Bajo la batuta de Andrei Kózyriev (1992-1996), la política exterior rusa estaba en manos de una marioneta de Washington que fue puesta como premio al frente de la farmacéutica americana ICN al ser cesada. El gran proyecto geopolítico para Rusia de estrategas de Washington como Zbigniew Brzezinski era disolver el país en cuatro o cinco repúblicas geopolíticamente irrelevantes -un escenario que Rusia nunca se planteó para Estados Unidos ni en los momentos más bollantes del poder soviético y cuyo precedente histórico más próximo es el proyecto de disolución de la URSS del Reichsministerium für die besetzten Ostgebiete bajo la dirección del nazi Alfred Rosenberg.

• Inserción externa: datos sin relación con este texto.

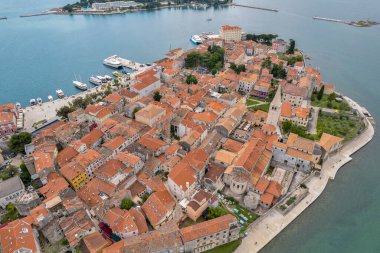 Hırvatistan 'ın Istria kıyısındaki Porec Eski Kenti ve Euphrasian Bazilikası' nın havadan görünüşü. Kırmızı kiremitli çatılar ve tarihi binalar, yakındaki marinaya sahip Adriyatik kıyı şeridi boyunca dinleniyor..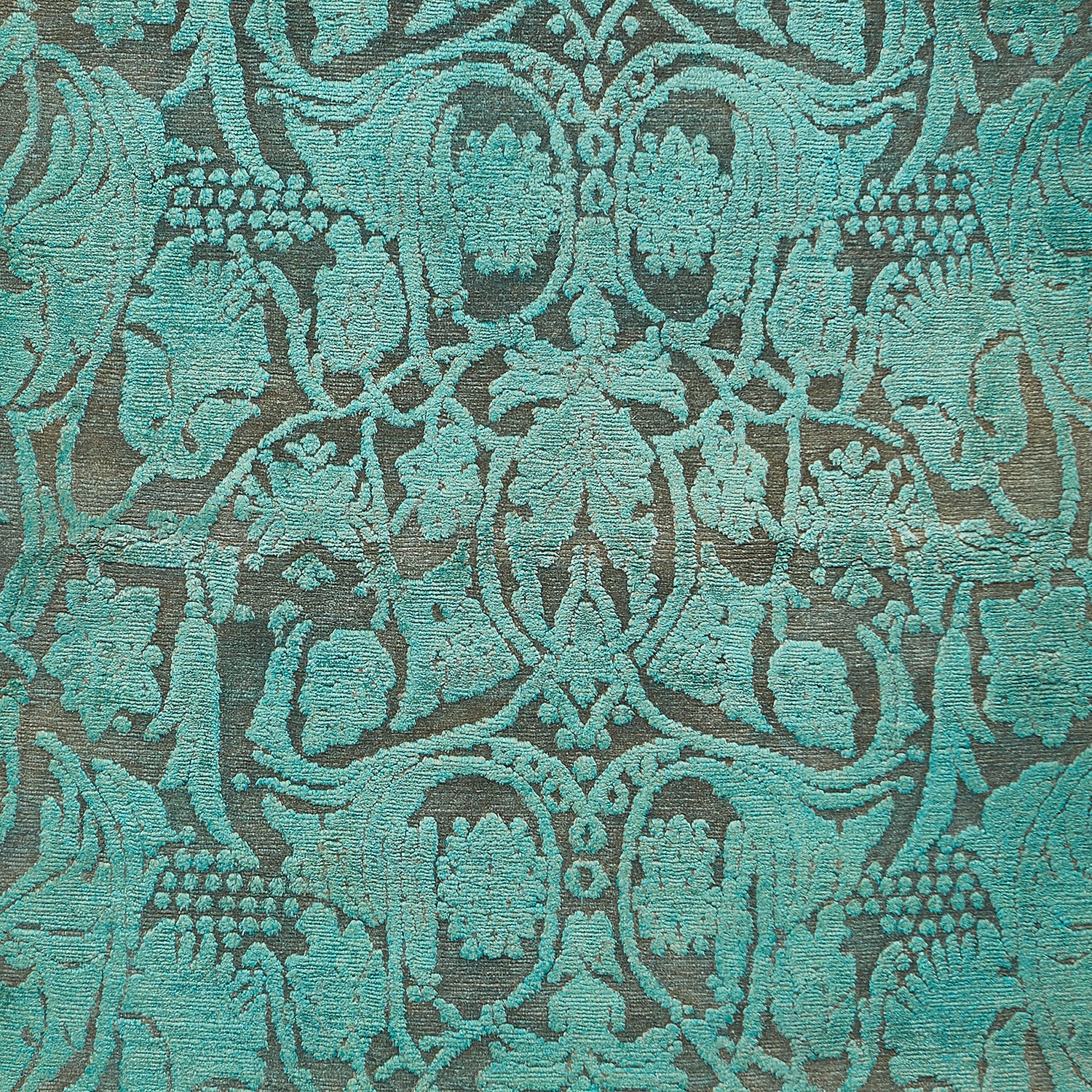 Intricate teal fabric with floral motifs in symmetrical pattern design.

En las presidenciales de junio/ julio de 1996 la complicidad de Estados Unidos fue clave para facilitar la financiación ilegal de la campaña de Yeltsin y la manipulación informativa que le acompañó, lo que impidió una probable victoria comunista…
Que mucho de todo esto fuera consentido e incluso propiciado por la clase política rusa cuya preocupación central en aquella época era llenarse los bolsillos, no cambia gran cosa el asunto: Después, cuando con Putin la prioridad fue la estabilización de lo adquirido y la recuperación de Rusia, Washington promocionó las revoluciones de colores en diversos países del entorno ruso y apoyó siempre ese escenario en la propia Rusia, sosteniendo económica e informativamente a organizaciones no gubernamentales y defensores de derechos humanos -muchos de ellos más que honorables- cuya acción consideraba favorable a sus intereses.
Clave de la recuperación rusa de principios de siglo XXI ha sido la sumisión del complejo energético a los intereses del Estado. Fue entonces, cuando se percató de que Putin ponía fin a la bananización de Rusia, cuando Washington apostó por el magnate Mijail Jodorkovski.
Propietario de Yukos, la mayor compañía petrolera rusa, y principal beneficiario de la privatización energética de los noventa, Jodorkovski se preparaba para desafiar electoralmente a Putin. En 2003 se disponía a trazar para ello vínculos económicos estratégicos con Occidente como la venta de una tercera parte de las acciones de Yukos a la norteamericana Exxon-Mobil (22.000 millones de dólares), la construcción de un oleoducto hacia China y de una terminal para la exportación a occidente en Murmansk con la que pretendía determinar el sentido de la exportación de crudo. Todo ello no solo rompía el pacto que Putin estableció con los magnates (respeto a las adquisiciones de la privatización a cambio de la no injerencia política y de la sumisión al Estado), sino que privaba al Kremlin de la principal baza geopolítica para la recuperación de Rusia: el uso de su potencia energética.
Jodorkovski, “adoptó decisiones que afectaban al destino y soberanía del Estado y que no podían dejarse en manos de un solo hombre guiado por sus propios intereses”, explicó Putin en su día. Jodorkovski fue encarcelado e inmediatamente beatificado en Occidente hasta su puesta en libertad…
Este tipo de injerencia en los asuntos de Rusia ha sido una constante -cualquier ruso lo sabe- y sitúa en su debido lugar el presunto escándalo de los hackers rusos en la campaña electoral americana. La simple realidad es que, en la hipótesis más extrema e indemostrable -con Putin manejando personalmente la operación- todo el asunto es bastante inocente. Más aún: al lado de lo que el valeroso disidente Eduard Snowden ha revelado al demostrar documentalmente la existencia de Big Brother y su control global total de las comunicaciones por Estados Unidos a través de la NSA, este episodio de los correos de Doña Hillary se parece mucho a una descomunal tomadura de pelo.